For more information, check out my longest (and first) review about Printful

As such, I believe my thoughts on this platform will be the most brutally honest out of any reviews you can find.

As always, I’ll try to keep it brief and practical! However, actually using multiple POD (print-on-demand) platforms on multiple large webshops that I custom-built myself … is bound to give me a lot of nitty-gritty in-depth experience with every part of it. And I don’t want to leave anything out.

My small Dutch webshop, which was always meant as a “small first step” anyway, has since been removed. All its products moved to my bigger store!

What is Spreadconnect?

For a start, it is not the same thing as Spreadshirt/Spreadshop, though they are obviously part of the same general organization.
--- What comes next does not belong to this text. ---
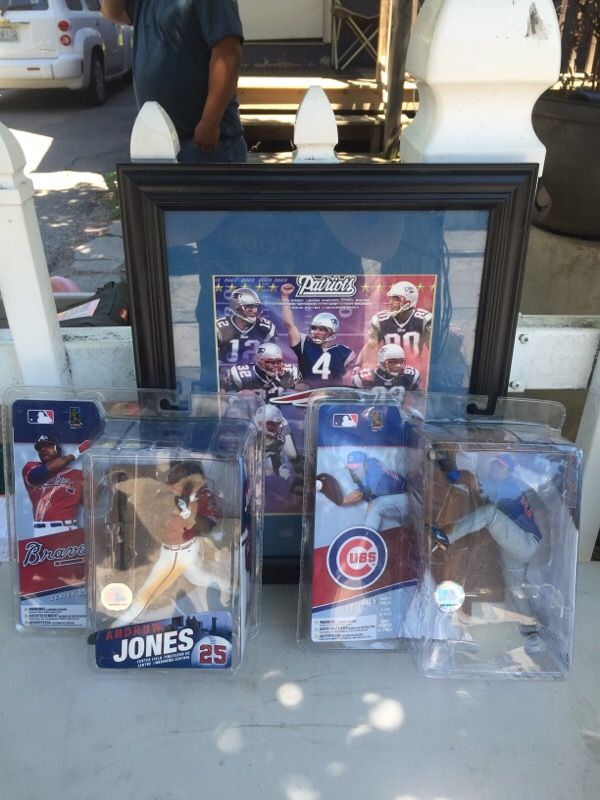 Patriots poster and baseball action figures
Spreadshirt/Spreadshop is an online store by itself. When you make an account there, you can design products and let them host your website or display the products in their marketplace. It’s meant for people who don’t want to (or can’t) host their own website or store.

Spreadconnect is a print-on-demand platform. You still need your own storefront (such as Shopify, Etsy, WooCommerce). Within Spreadconnect, you merely design your products and then send them to your integration. They handle all the production and shipping, while you must handle the rest.

It’s one of the smaller players in this field. Many articles don’t even mention it. Then why did I try them? What’s different?

First of all, they are more local. Based in Germany, they have excellent coverage for any shipping zone I want to support on my Dutch webshop. It also means there’s no mismatch between our European rules, currencies and way of doing things and that of American companies.

For example, some of those (American) POD platforms only support pricing and costs in DOLLARS. Which is incredibly annoying, because all my finances (and experience with pricing) is in EUROS. So it takes me a lot more effort to use that platform, every step of the way, while always at risk of making some financial blunder because I forgot to convert currencies.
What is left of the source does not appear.